John McIntyre - Booklover
Died 10 June 2017, aged 65
John McIntyre wasn’t just an advocate of children’s books; he wasn’t just a person who believed that
reading was important for kids. John was different; he was
somebody who got up and did something about that belief.
|Ruth & John McIntyre, |
Children's Bookshop, Kilbirnie, Wellington, NZ, Nov 2011.
He and his wife Ruth took a brave and perilous step when they opened their Children’s Bookshop in Kilbirnie 25 years ago. Just to have succeeded in that business would have been sufficient achievement in itself.
But John (and Ruth) – and please imagine that the words “and Ruth” reappear throughout this note – went far beyond bookselling. They became a focus of children’s literature, both locally and nationally. The Children’s Bookshop was a place where you got good advice from people who had actually read the books.
The shop was much more than a shop. It was also a meeting place, where visits by writers were organised, so that children could meet the authors and artists who created their books. John also drove writers around schools and sometimes he was the one who rang the schools to arrange those visits.
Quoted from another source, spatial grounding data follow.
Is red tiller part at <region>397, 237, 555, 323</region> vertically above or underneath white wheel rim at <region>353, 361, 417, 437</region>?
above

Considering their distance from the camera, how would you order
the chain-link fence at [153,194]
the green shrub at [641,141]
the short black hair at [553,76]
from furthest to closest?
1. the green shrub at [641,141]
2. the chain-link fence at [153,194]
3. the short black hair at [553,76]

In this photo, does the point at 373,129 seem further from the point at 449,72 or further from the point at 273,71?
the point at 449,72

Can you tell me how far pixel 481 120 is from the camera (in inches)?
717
Book launches and other literary celebrations were held in the bookshop, and it was a rare one where John’s voice wasn’t heard singing the praises of a book.
When he agreed to review books for Radio New Zealand, John showed another of his talents. John understood people. He refused to take any payment for all those radio talks. He explained his reasoning to me. If he had been paid, sooner or later some bean-counter would have sacked him to save money. Since he was free, he would be allowed to carry on. And he was. For over fifteen years he recorded his book talks. Over 300 of them; perhaps a thousand books in all.
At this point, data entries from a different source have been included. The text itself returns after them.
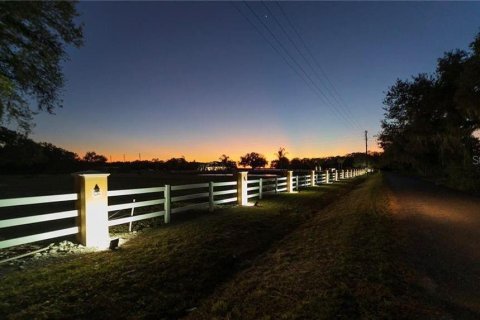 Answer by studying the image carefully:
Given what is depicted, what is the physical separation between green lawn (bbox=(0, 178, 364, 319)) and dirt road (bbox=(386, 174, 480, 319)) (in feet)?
8.69

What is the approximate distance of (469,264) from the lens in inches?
225

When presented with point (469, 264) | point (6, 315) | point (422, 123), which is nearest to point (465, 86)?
point (422, 123)

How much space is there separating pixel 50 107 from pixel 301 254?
29.8 ft

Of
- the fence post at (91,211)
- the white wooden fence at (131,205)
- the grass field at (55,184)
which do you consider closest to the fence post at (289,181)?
the white wooden fence at (131,205)

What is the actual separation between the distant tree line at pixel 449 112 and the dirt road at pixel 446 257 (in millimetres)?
12744

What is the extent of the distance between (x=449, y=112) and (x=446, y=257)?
87.2 ft

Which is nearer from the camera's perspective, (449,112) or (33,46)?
(33,46)

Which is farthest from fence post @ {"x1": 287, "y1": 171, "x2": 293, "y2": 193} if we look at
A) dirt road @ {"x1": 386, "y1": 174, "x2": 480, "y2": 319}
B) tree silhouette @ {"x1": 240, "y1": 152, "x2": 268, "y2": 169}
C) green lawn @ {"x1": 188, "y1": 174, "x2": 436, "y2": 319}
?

His motto was “I don’t see myself as a reviewer; I’m a cheerleader.” John always refused to comment on books he disliked. This was because - as John put it, “Life is too short to drink bad wine or read bad books.” (Because of his kidney transplant, John didn't drink wine, but he knew a good saying when he met one.)
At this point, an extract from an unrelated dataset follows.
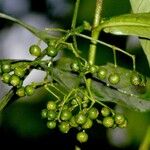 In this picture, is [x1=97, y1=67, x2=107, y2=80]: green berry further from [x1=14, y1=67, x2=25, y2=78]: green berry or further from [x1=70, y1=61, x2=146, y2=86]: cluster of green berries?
[x1=14, y1=67, x2=25, y2=78]: green berry

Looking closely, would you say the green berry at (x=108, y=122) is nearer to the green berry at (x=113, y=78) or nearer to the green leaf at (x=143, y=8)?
the green berry at (x=113, y=78)

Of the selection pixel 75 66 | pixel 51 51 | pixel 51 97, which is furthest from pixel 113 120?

Look at any aspect of books for young people and John was there. He was a judge of the Children’s Book Awards. He campaigned to get Margaret Mahy’s early books back into print. He spoke up against bigotry and censorship.
Life was too short for John. He had to fight serious health issues but he never allowed them to limit his enthusiastic support for the causes he loved. And in turn, he was loved by radio listeners, by parents, by teachers, by book-buying parents and grandparents, by writers, by illustrators, by librarians, by publishers. Above all he was appreciated by the young people into whose hands he guided the right book.
His enthusiasm, his family values, his generosity of spirit, his belief that we should trust young people, his love of a good well-told story – all of these were important aspects of that lovely man we knew as John McIntyre.
He was a great role-model. It has been an honour and a pleasure to know him.